In July of 2013, Pope Francis visited the tiny island of Lampeduso off the coast of Italy. He offered mass on an altar made from a small wooden fishing boat which had brought refugees to the island.
In a homily during the visit Francis said “Immigrants dying at sea, in boats which were vehicles of hope and became vehicles of death…. When I first heard of this tragedy a few weeks ago…I felt I had to come here today, to pray and to offer a sign of my closeness, but also to challenge our consciences lest this tragedy be repeated. Please let it not be repeated…Let us ask the Lord for the grace to weep over our indifference, to weep over the cruelty of our world, of our own hearts, and of all those who in anonymity make social and economic decisions which open the door to tragic situations like this. Has anyone wept? Today has anyone wept in our world.”
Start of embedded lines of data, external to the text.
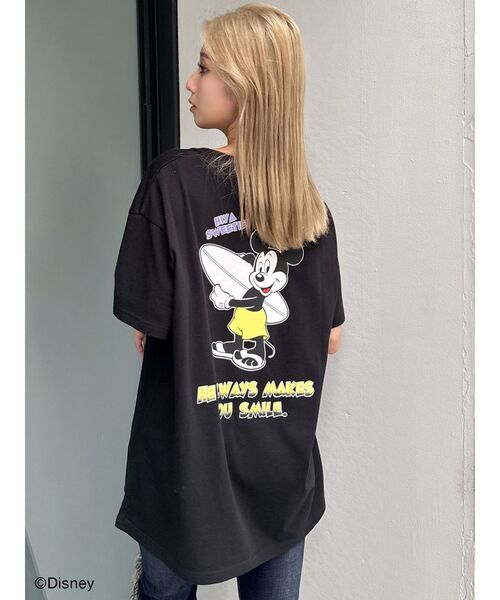 GYDA（ジェイダ）の「Mickey Mouse / バックプリントBIG Tシャツ（Tシャツ/カットソー・レディース・スカイブルー/ブラック/オフホワイト・FREE）」の22枚目の写真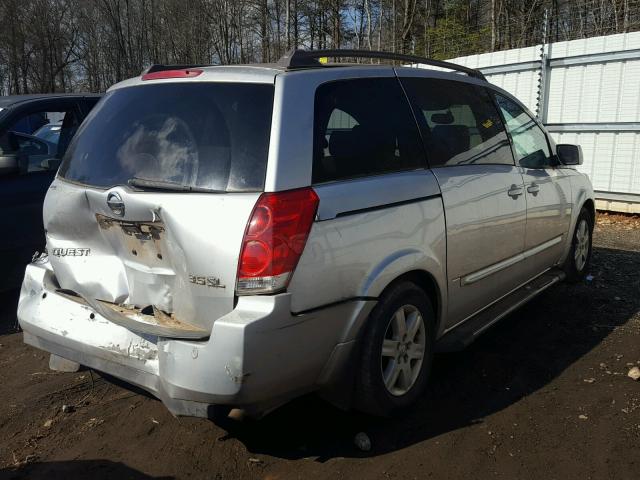 5N1BV28U74N309370 - 2004 NISSAN QUEST S SILVER photo 4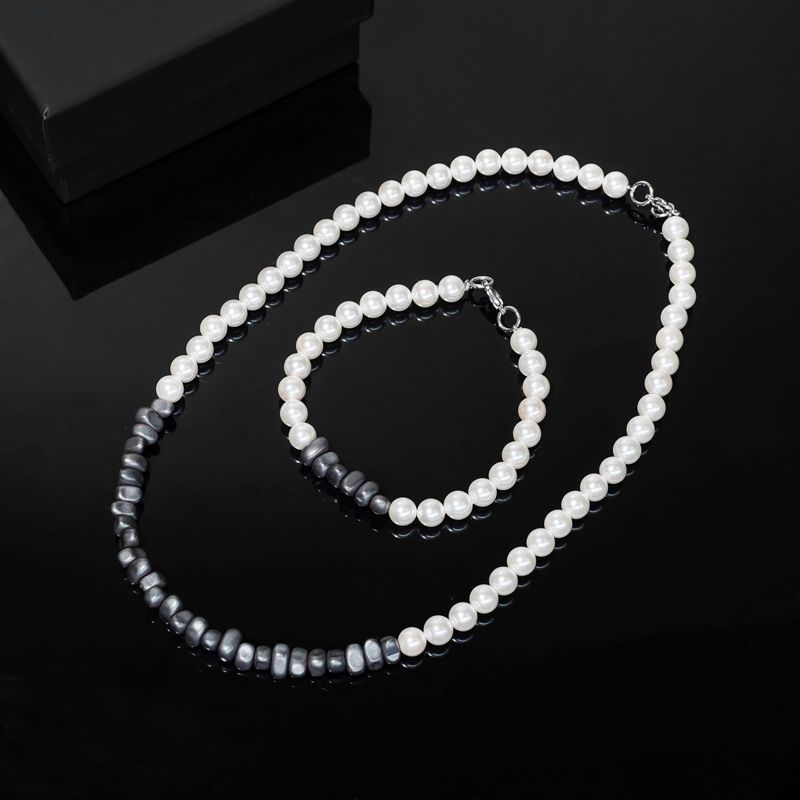 Frosted Black Gallstone Pearl Chain & Bracelet Set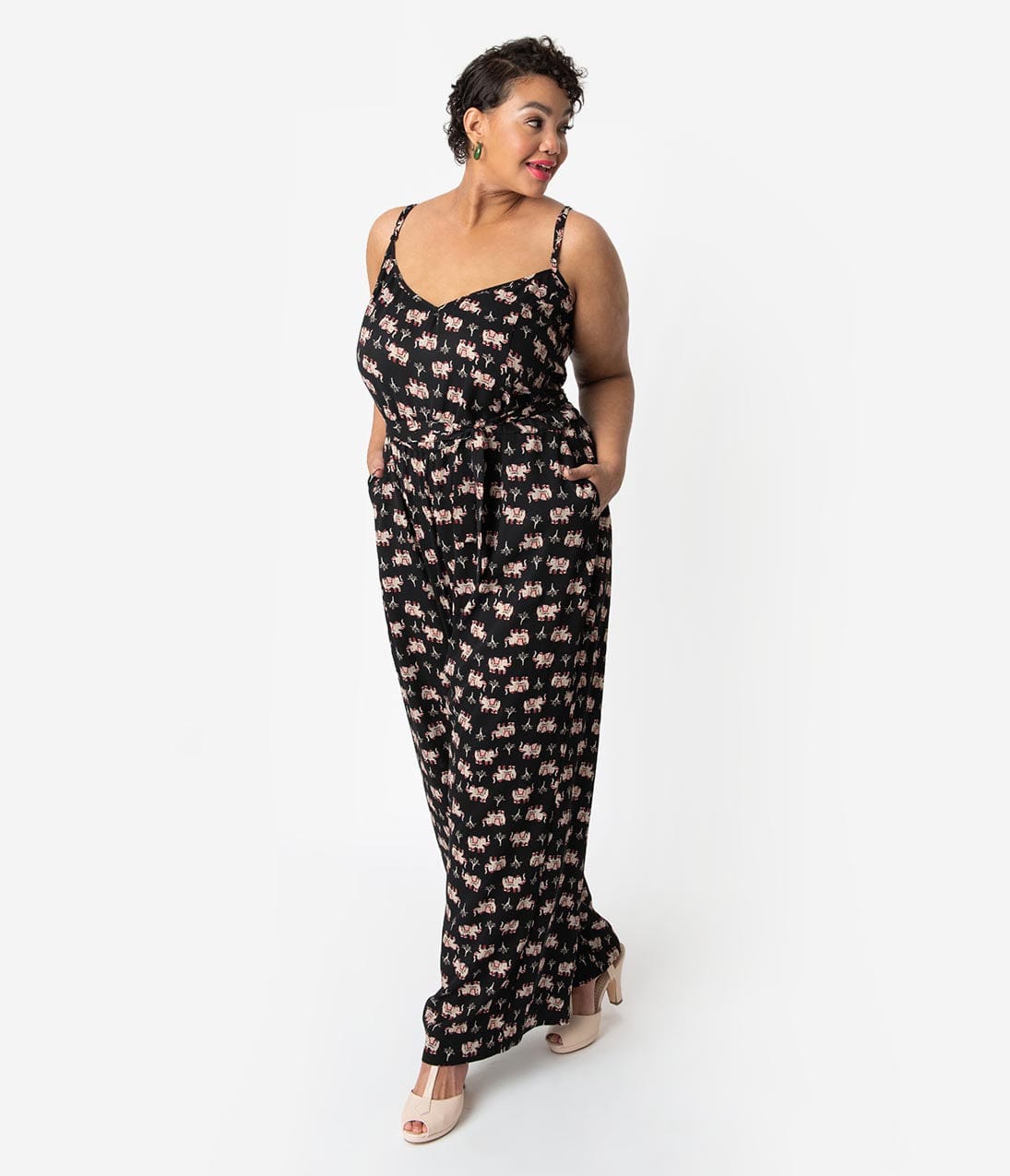 Unique Vintage Plus Size Black Elephant Print Crepe Raleigh Jumpsuit
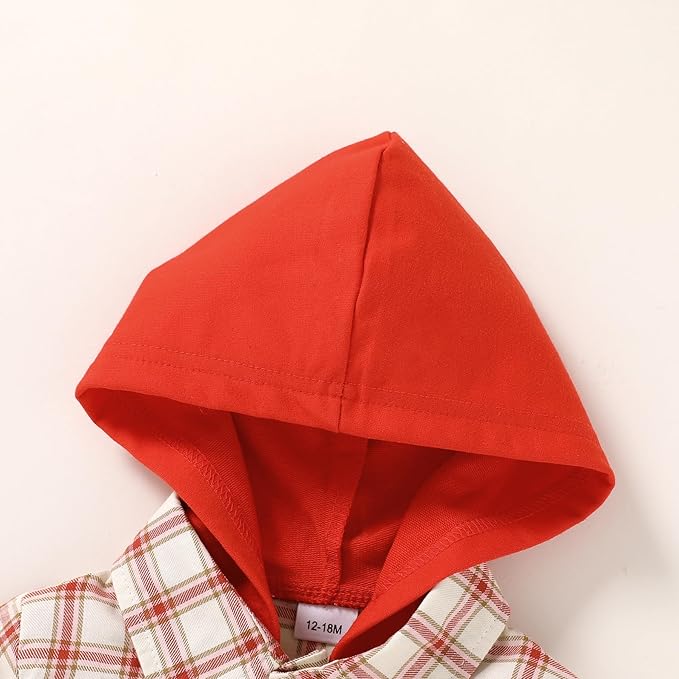YOUNGER STAR Toddler Kids Boys Girls Flannel Hooded Plaid Shirt Button Baby Red Clothes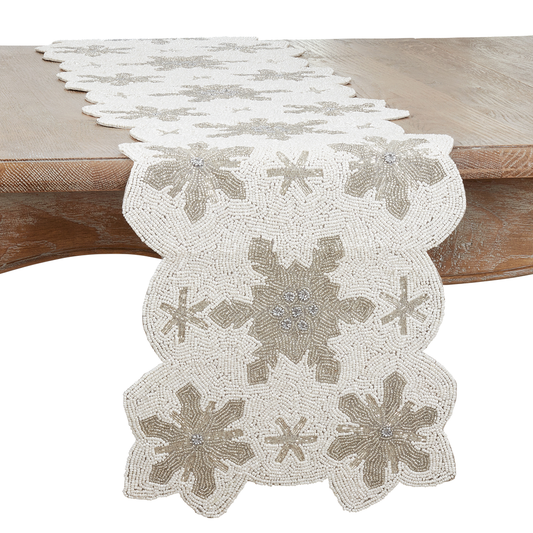3284 - White Beaded Snowflake 13"x35" Table Runner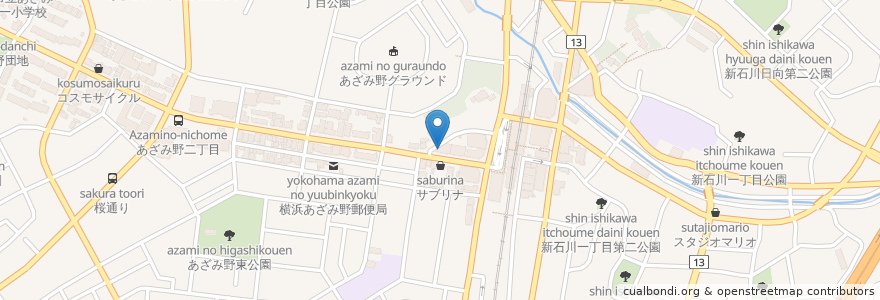 Mapa de ubicacion de ジョナサン en ژاپن, 神奈川県, 横浜市, 青葉区.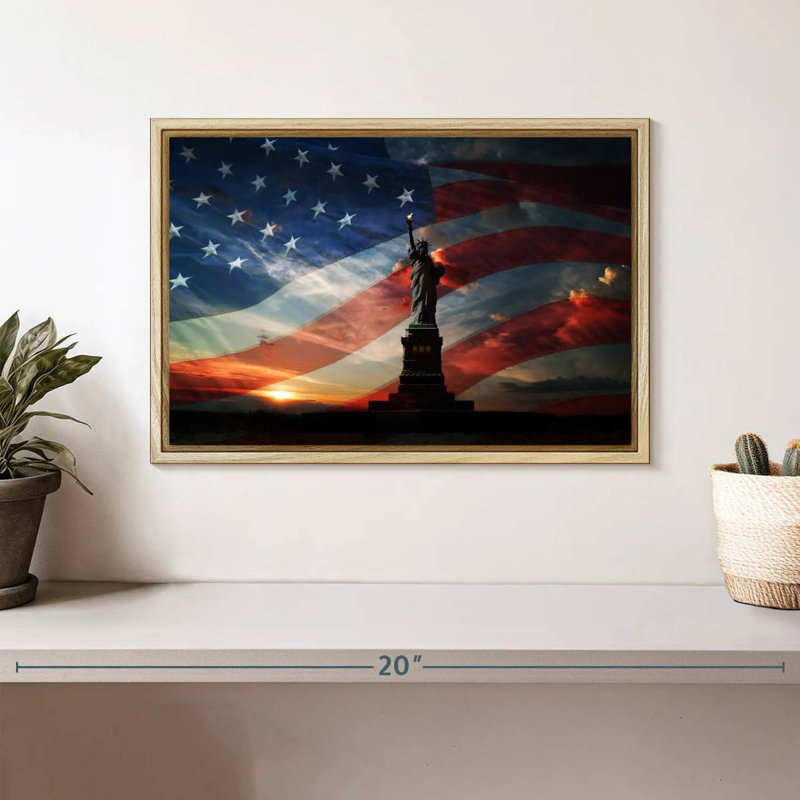 American Independence, Floating Frame Natural Wood, 13" X 9"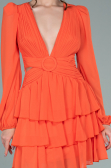 Mini Orange Chiffon Invitation Dress ABK1366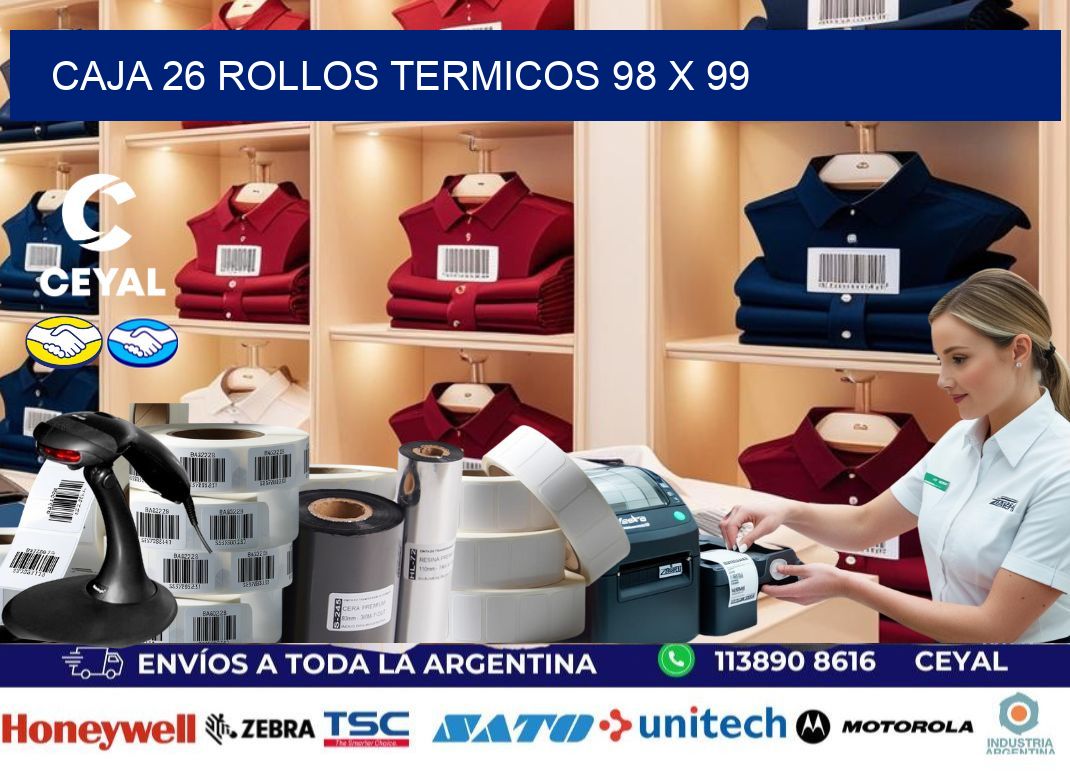 CAJA 26 ROLLOS TERMICOS 98 x 99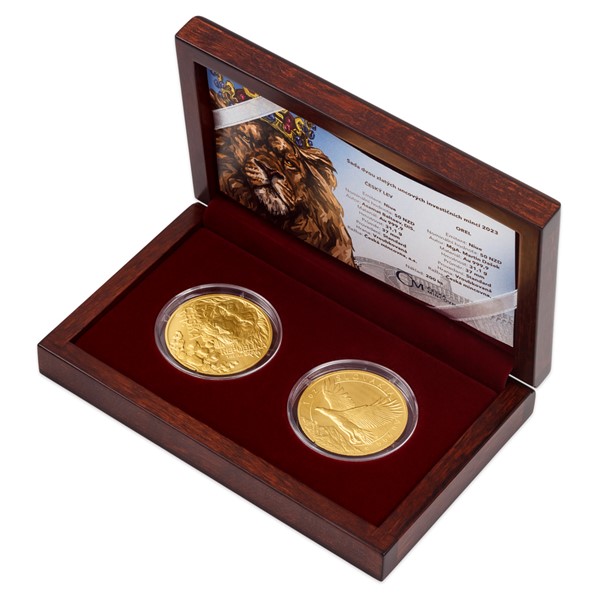 Sada dvou zlatých uncových investičních mincí Český lev a Orel 2023 stand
It is now January of 2016. A group of five of us just traveled to Finland from Afghanistan, California, Chicago and New York city to meet in the city of Helsinki for one week. We went to see an Iraqi refugee friend and his 17 year old son. One might call it an extravagant squandering of funds, and we also questioned the rationality of such a trip.
I had written about the arduous 42-day journey of this Iraqi friend and his son from Baghdad to Finland. They fled to Kurdistan and then toTurkey. They were on three different Greek Islands before reaching Athens. They went through Macedonia, Serbia, Hungary, Austria, Germany and Sweden. Finally they arrived to Finland in late September of 2015.
Our friend, I will call him Mohammed, left a wife and six other children in Baghdad. He fled to Finland with the hope that fewer refuges would travel there and the chances of a securing asylum and getting reunified with his family would be speedier.
Somehow we felt the need to go to them as they enter the deep winter months of the artic north. During the week we were able to visit Mohammed and his son at the compound where they are staying with about one hundred other refugees, and bring them to Helsinki to be with us for some days.
A young woman in Helsinki, a journalist herself and a single mother of two girls, opened her apartment and heart to us, housing Kathy Kelly and myself. She secured a second apartment from a friend where the male members of our little group, including Mohammed and his son Omar, could stay. This meant that we could spend the days together, and shop and cook for ourselves. Our dear host had contacted activist friends and colleagues and set up meetings for us which were of invaluable help.
Repeatedly we heard from people we met that things have changed in the last months. The political situation is tense with a right-wing conservative government influencing peoples’ attitudes. The government doesn’t want refugees. There is growing racism, misinformation and hate speech in the media. Street patrols have been organized in four Finnish cities “to protect the neighborhoods.” The economy is in bad shape with budget cuts. People are getting poorer and more prone to hate speech. Although the angry loud voices are a but a small minority, they are the ones getting media attention.
Approximately 40,000 refugees came last year to Finland, the majority Iraqis. Only 3% are Syrian. Before it was 3,000 to 4,000 annually. Finland has a population of 5 ½ million. Perhaps the most disheartening news we received was that pertaining to family reunification. Already a difficult process, there is a proposal that, if legislated, would require a refugee with residency to pay 500 euros for each child seeking reunification. This would be in addition to having 1,300 euros in the bank monthly. In Mohammed’s case this would mean an earnings of 4,300 euros monthly. A sanitation worker’s monthly salary is approximately 1,500 euros. There is also no Finnish embassy in Baghdad. This means that Mohammed’s wife would have to travel to Turkey with all of the children to have an interview there. So many obstacles.
From Helsinki I went on to Berlin. Approximately one million refugees have entered Germany in the last year. With a population of 80 million, that means one in 80 is a refugee. If the U.S. had the equivalent percentage given our population of 300,000,000, we would have taken 4 million last year from Syria, Iraq and Afghanistan. I would be surprised if we have received even 1,000 from those countries.
Today the question must be asked, Pope Francis says, “Who is responsible for the blood of these sisters and brothers of ours? Nobody! That is our answer: It isn’t me; I don’t have anything to do with it; it must be someone else, but certainly not me….The culture of comfort, which makes us think only of ourselves, makes us insensitive to the cries of other people….In this globalized world we have fallen into globalized indifference. We have become used to the suffering of others: it doesn’t affect me: it doesn’t concern me; it’s none of my business.”
“The globalization of indifference has taken from us the ability to weep!”